───── SOURCE DATA ─────

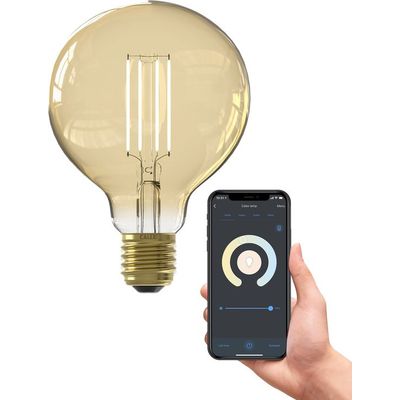 Calex Slimme Lamp - Wifi LED Filament Verlichting - Globe 9,5cm - E27 - Smart Lichtbron Goud- Dimba Foto van Calex Slimme Lamp - Wifi LED Filament Verlichting - Globe 9,5cm - E27 - Smart Lichtbron Goud- Dimba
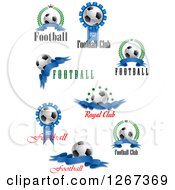 Poster, Art Print Of 3d Soccer Balls And Blue Ribbons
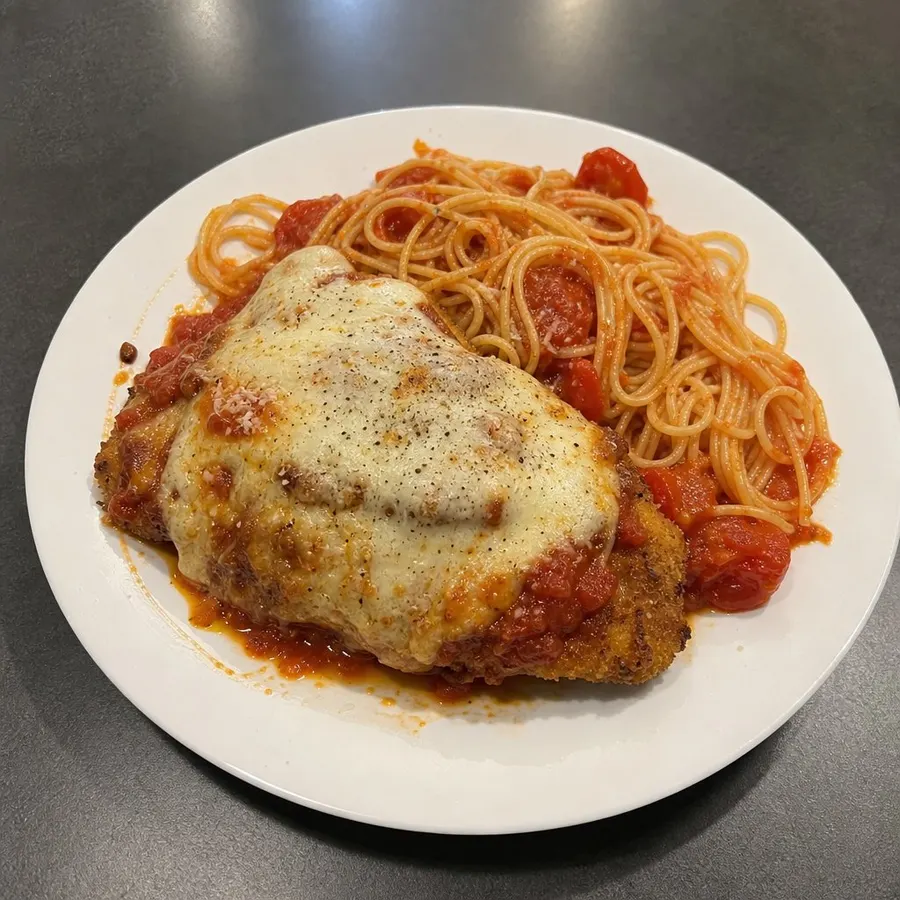 Poulet parmesan à la mozzarella, spaghetti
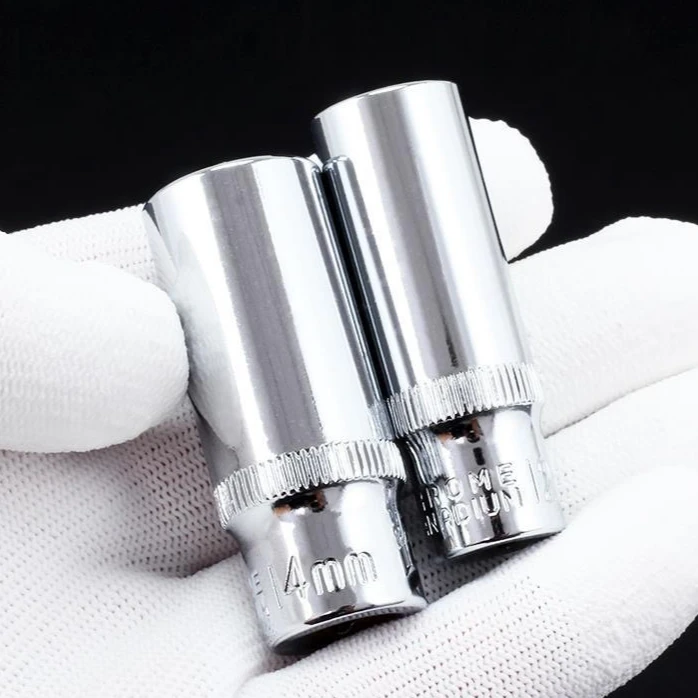 1/4‘’（6.3mm）镜面长套筒4-14mm棘轮扳手工具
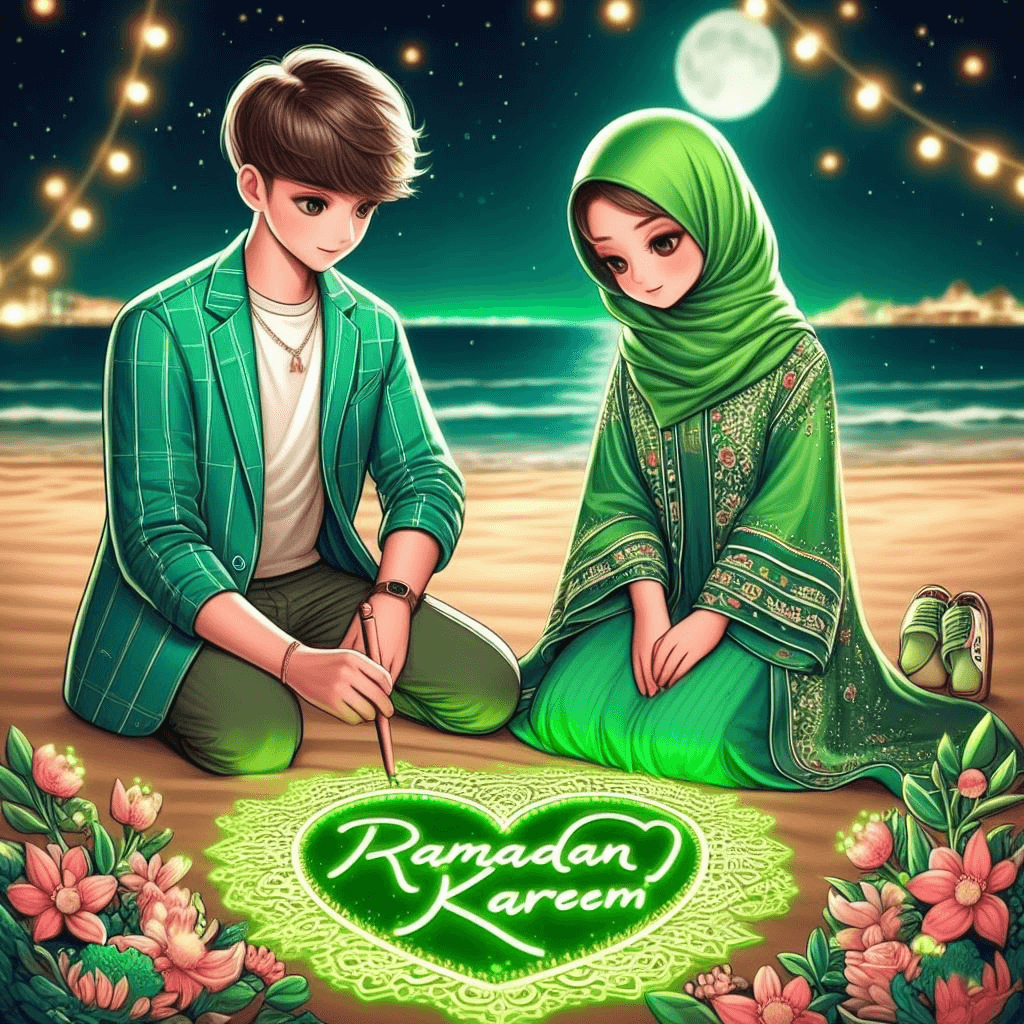 Create a beautiful couple 25 year-old boy and girl has mading a decorative heart on the beautiful sand by the sea and inside this heart is written my name "Ramadan kareem" green neon effect in the night scene and beside it is a beautiful flowers. the boy is wearing a trending green pent shirt nice jacket and girl is wearing a green muslim dress.the background feature is full of lights looking so beautiful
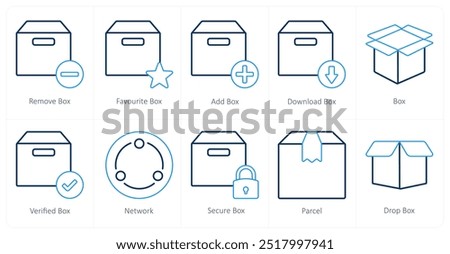 A set of 10 mix icons as remove box, favorite box, add box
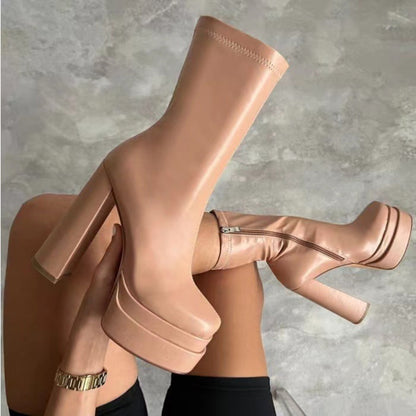 Bottes Talons Épais Bout Carré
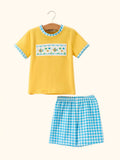 Fish Embroidered Smocked Tee & Plaid Shorts Set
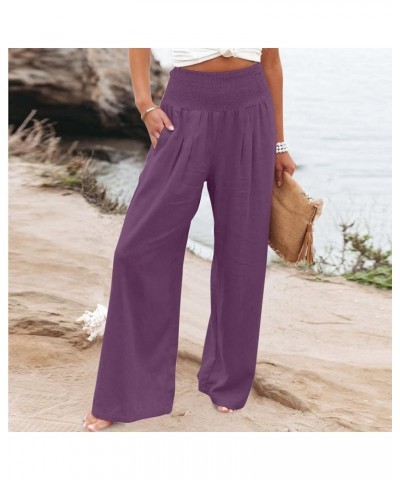 Womens Palazzo Pants Casual Smocked Elastic High Waist Wide Leg Trousers Summer Beach Pants Flowy Linen Lounge Pants 15 Purpl...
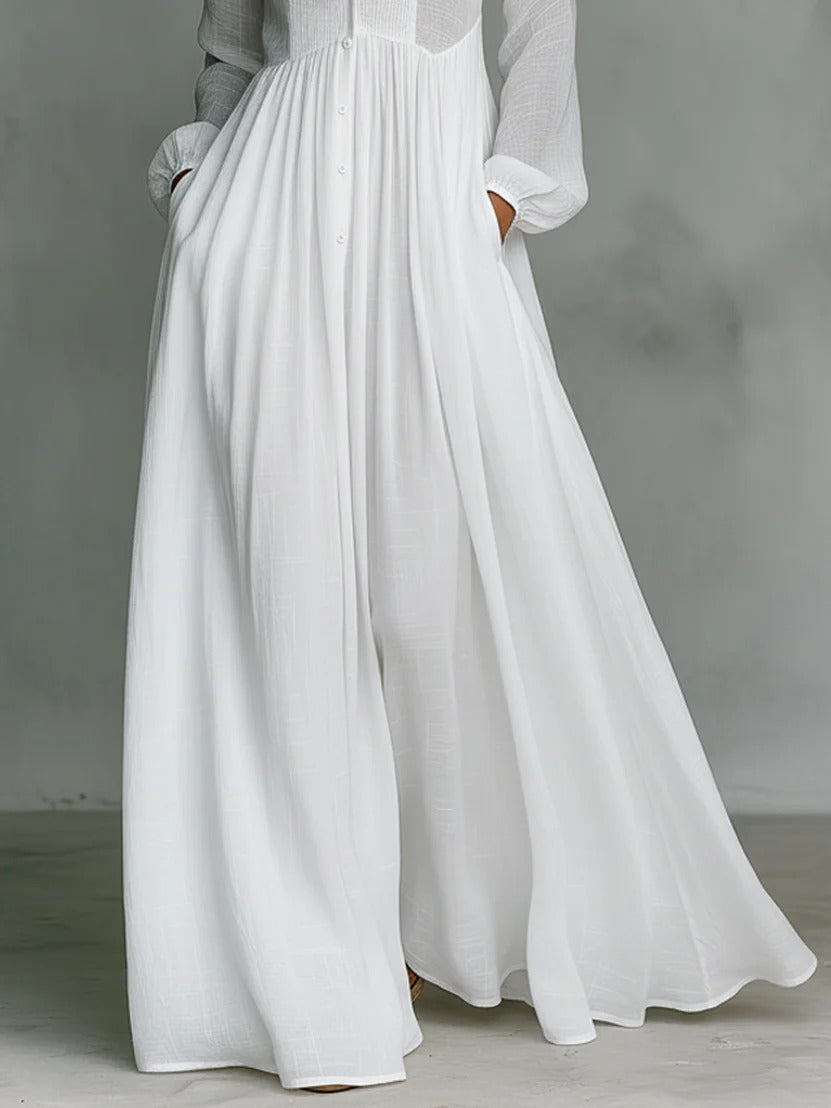Diana | Long-Sleeve Button-Down Maxi Dress
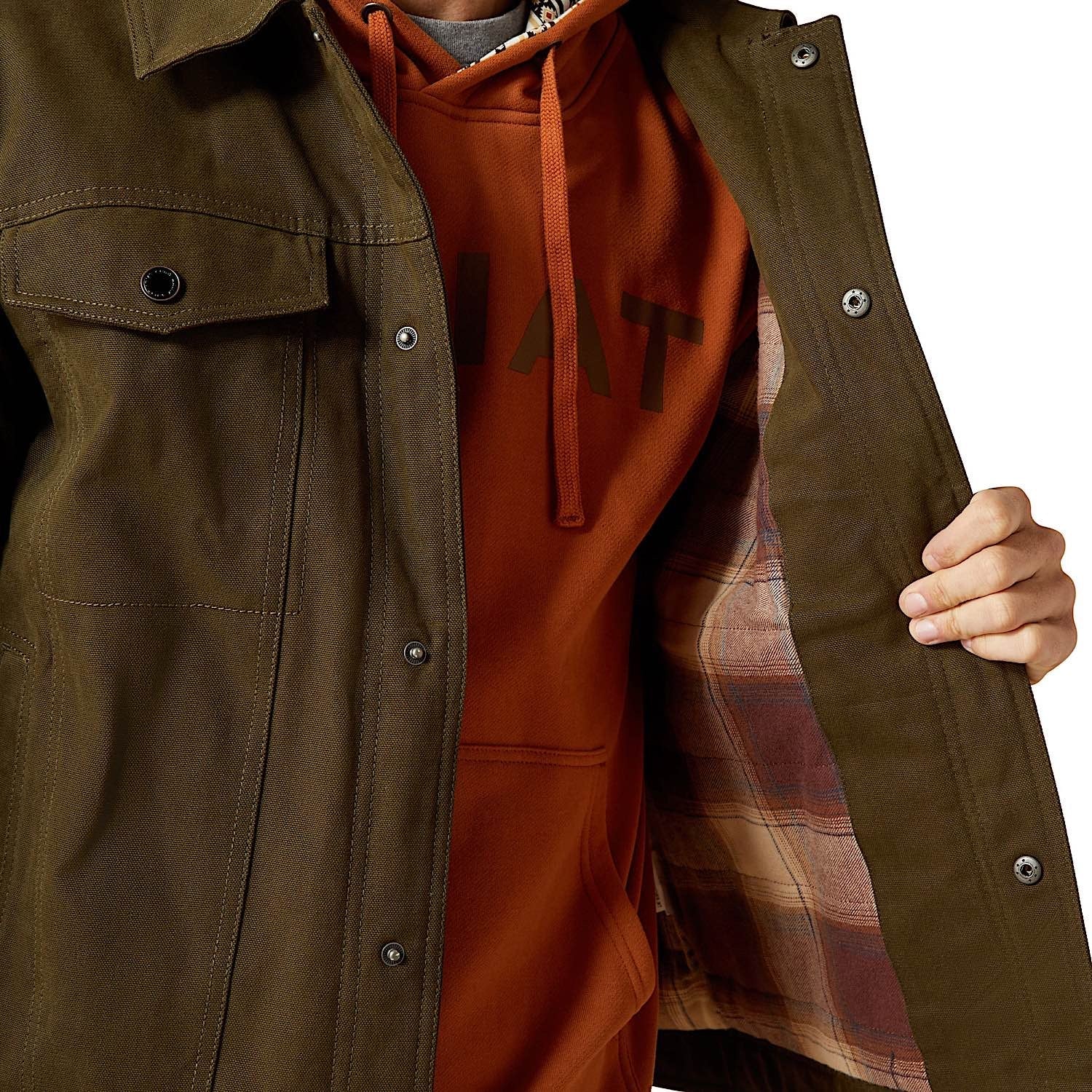 Ariat Men's Canvas Rancher Jacket - Desert Sand Khaki - Image 5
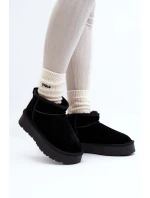 Módní semišové nízké sněhule Černá Nucca Módní semišové nízké sněhule Černá Nucca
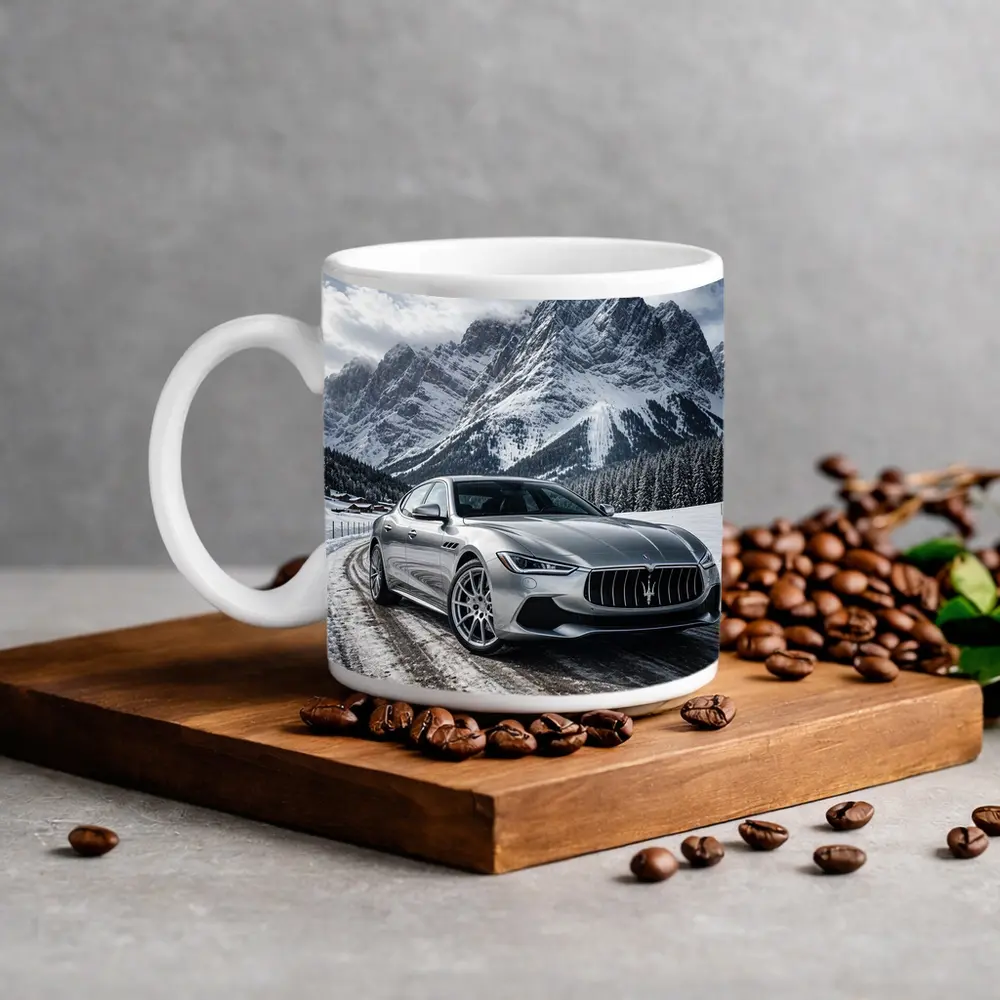 Maserati Ghibli Silver On Snowy Mountain Road – Mugs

─────

## AIM OF THE EXERCISE:
Please set down every record above exactly as it appears, leaving out the pictures.

## FINISHED EXERCISE:
 Calex Slimme Lamp - Wifi LED Filament Verlichting - Globe 9,5cm - E27 - Smart Lichtbron Goud- Dimba Foto van Calex Slimme Lamp - Wifi LED Filament Verlichting - Globe 9,5cm - E27 - Smart Lichtbron Goud- Dimba
 Poster, Art Print Of 3d Soccer Balls And Blue Ribbons
 Poulet parmesan à la mozzarella, spaghetti
 1/4‘’（6.3mm）镜面长套筒4-14mm棘轮扳手工具
 Create a beautiful couple 25 year-old boy and girl has mading a decorative heart on the beautiful sand by the sea and inside this heart is written my name "Ramadan kareem" green neon effect in the night scene and beside it is a beautiful flowers. the boy is wearing a trending green pent shirt nice jacket and girl is wearing a green muslim dress.the background feature is full of lights looking so beautiful
 A set of 10 mix icons as remove box, favorite box, add box
 Bottes Talons Épais Bout Carré
 Fish Embroidered Smocked Tee & Plaid Shorts Set
 Womens Palazzo Pants Casual Smocked Elastic High Waist Wide Leg Trousers Summer Beach Pants Flowy Linen Lounge Pants 15 Purpl...
Diana | Long-Sleeve Button-Down Maxi Dress
 Ariat Men's Canvas Rancher Jacket - Desert Sand Khaki - Image 5
 Módní semišové nízké sněhule Černá Nucca Módní semišové nízké sněhule Černá Nucca
 Maserati Ghibli Silver On Snowy Mountain Road – Mugs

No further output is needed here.